Por supuesto que poder perdonar y perdonarse siempre tiene un efecto purificador y curativo porque permite continuar con la vida y abrir el horizonte de intereses. El perdón permite la libertad de un sujeto y de la sociedad para poder construir a partir de ahí los destrozos y ruinas que dejaron los maltratos, pero eso sí cuando se perdona como producto de una pacificación no impuesta sino sentida. El perdón no es un acto de la voluntad, no puede ser mandado, surge casi sin saberlo, porque ya no continúa maltratando el recuerdo. No se olvida, lo que cesa es la emoción que acompañó al acontecimiento. No es conveniente ignorar las patologías en nombre de un supuesto ideal impuesto; la libertad que tanto también pregonamos trae como consecuencia un respeto por aquel que sabe y siente que no está dispuesto a perdonar sin justicia que es otro asunto muy importante cuando se trata este tema. La vida está llena de conflictos y problemas, en ese camino hay muchos que se extravían y quedan relegados de un saber moral, causando heridas que a veces son incurables. Pues bien esos seres deben pagar el daño que ocasionaron sin miramientos doctrinarios, para volver a tener una sociedad sana y pacifica que haga posible una convivencia armónica. No son tan sencillos estos asuntos si de verdad queremos entender y comenzar a vivir de otra manera. El perdón es parte de la dialéctica que se vive en una sociedad civilizada, pero se hace difícil calificar de esta manera nuestra realidad.

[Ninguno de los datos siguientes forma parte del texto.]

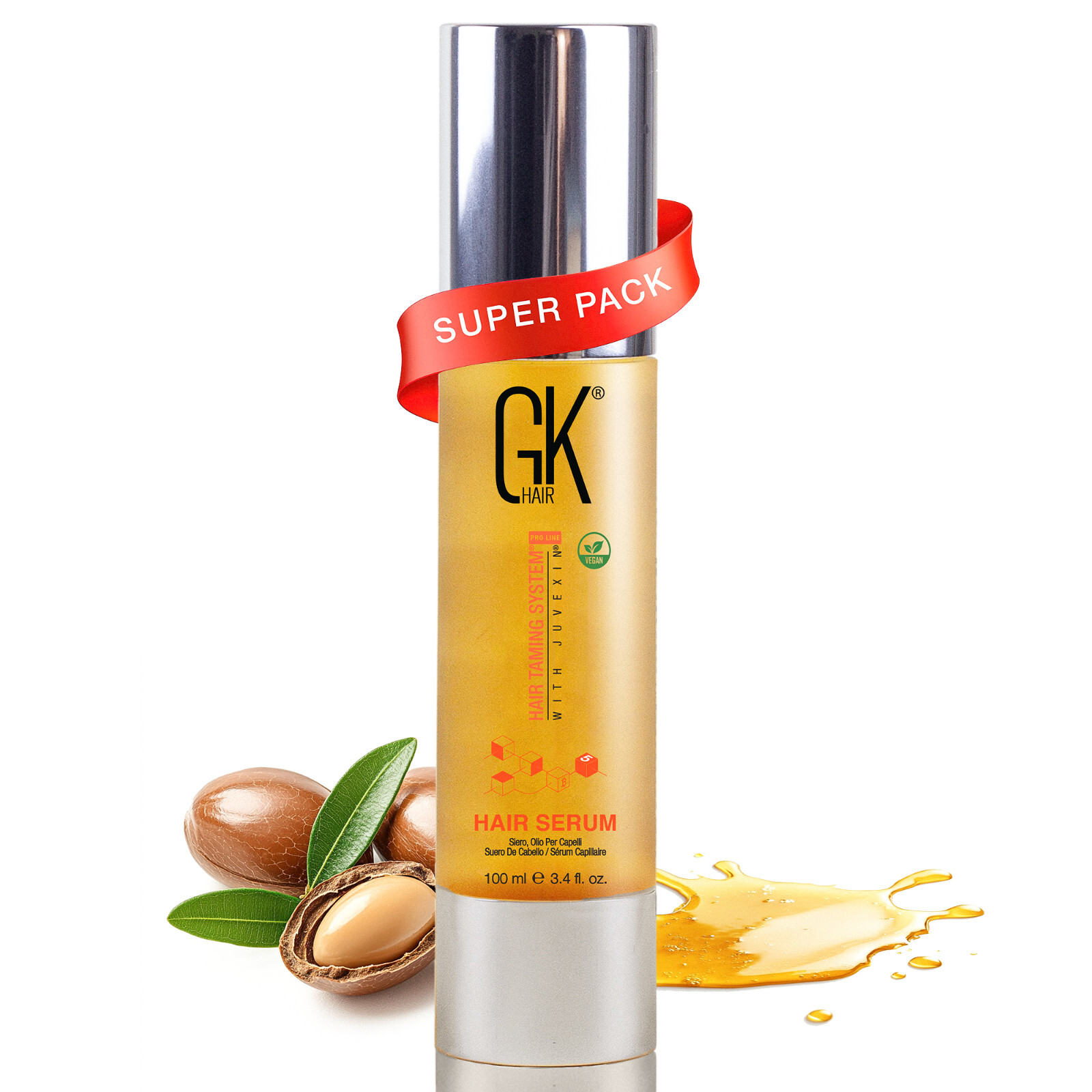 GK HAIR Serum 3.4 fl oz – Argan Oil Anti-Frizz for Dry, Damaged Hair & Shine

Pasar la página siempre lleva un tiempo y es producto de elaboraciones simbólicas para poder apaciguar lo real que dejó marcado en cada uno de nosotros el horror y el maltrato, la tristeza y las pérdidas, las amenazas y humillaciones en las que hemos vivido tantos e interminables años;  nos han dejado heridas que tardarán en cicatrizar. Hay en todo esto una responsabilidad y en primera instancia debe de ser reclamada; en ningún caso jugar a los “buenos” salir corriendo en estampida y mostrar una generosidad que no hace resonancia. Que resuena como una mueca, más que como una amplia y gratificante sonrisa. Como parte de un proceso pacificador hay que dignificar a las víctimas; antes de perdonar, el inocente debe de estar en libertad y resarcido por los actos cometidos en su contra, violando sus más elementales derechos humanos. Esa es la verdadera deuda social que tenemos los unos con los otros. Es imperdonable justificar y excusar al verdugo por ninguna razón banal que esgrima, debe sin contemplaciones pagar por sus actos horribles. Después podremos hablar de un perdón con justicia que nos permita continuar y construir, adquirir una disposición vital y las ganas necesarias para poder llevar a cabo nuestra importante deuda de volver a construir una sociedad digna. Como lo expresó Hannah Arendt “El juicio y el perdón son, en realidad, dos caras de la misma moneda”

Perdonar es una acción muy difícil porque intenta borrar las marcas dejadas por un pasado muy traumático para poder tener acceso a un porvenir. Sin ninguna duda implica unos de los actos humanos más valientes y liberadores si proviene de lo más íntimo de lo personal, si no, es un discurso más de los tantos que se imponen.